Worries about Jamming
However doubts remained about Type 80s susceptibility to jamming and in 1956, a number of brute force, that is very high power solutions were tried. The first, Blue Ribband radar proved too expensive and the project was cancelled.
Another new radar was proposed, Blue Yeoman, which was once again to be built using parts from previous projects. The recently upgraded antenna and turning gear from the Type 82 (Orange Yeoman) radar at North Site (Malvern Vale) was selected and hurredly transported to South Site.
Fortunately a suitable building was already under construction – to house the prototype Blue Ribband radar. This quickly became known as BY building.
The Malvern radar only had 4 transmitters and receivers; the operational Type 85 radars, when eventually built, contained the full set of 12. Their antennas were 50% bigger than the Malvern prototype.

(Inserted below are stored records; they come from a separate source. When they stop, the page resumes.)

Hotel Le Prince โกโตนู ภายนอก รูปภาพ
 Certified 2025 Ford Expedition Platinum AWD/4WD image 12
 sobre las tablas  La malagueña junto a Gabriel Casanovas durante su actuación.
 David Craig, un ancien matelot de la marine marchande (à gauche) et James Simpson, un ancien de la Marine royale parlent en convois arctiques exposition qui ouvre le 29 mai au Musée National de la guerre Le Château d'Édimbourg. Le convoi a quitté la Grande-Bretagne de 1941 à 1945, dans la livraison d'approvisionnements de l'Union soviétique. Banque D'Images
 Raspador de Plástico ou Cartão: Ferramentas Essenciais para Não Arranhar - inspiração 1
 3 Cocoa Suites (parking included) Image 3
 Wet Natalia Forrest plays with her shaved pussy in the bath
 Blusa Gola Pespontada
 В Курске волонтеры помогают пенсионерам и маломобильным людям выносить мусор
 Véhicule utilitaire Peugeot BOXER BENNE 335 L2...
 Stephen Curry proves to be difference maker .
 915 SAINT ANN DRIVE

The transmitter valves were huge; they were 6ft tall, weighed about a ton and had to live in lead lined cabinets to contain the X rays that were produced.
Following the successful introduction of the Type 85 radar into operational service the need for the Malvern Blue Yeoman declined. All the original transmitters and receivers were stripped out in the early 1980s and replaced by two second hand (from the Dutch? navy) Plessey Naval AWS-5 transmitters. Various experimental receivers were introduced and the system was renamed ‘Byson’. RSRE aggressively marketed the radar as being available for research purposes.
In the late 1990s it was proposed that all radar research activities should be carried out from the Chilbolton observatory in Hampshire which was operated by the Rutherford & Appleton Laboratory. As no one has a spare transmitter lying around at the time the decision was taken to use the ones from Byson and they were duly removed. Unfortunately frequency clearance could not be obtained at the new site and the project was abandoned with inevitable consequences. The Byson radar antenna and turning gear were dismantled on the 27th July 2000. An attempt was made to give them to a museum but the cost turned out to be prohibitive. The transmitters were similarly disposed of.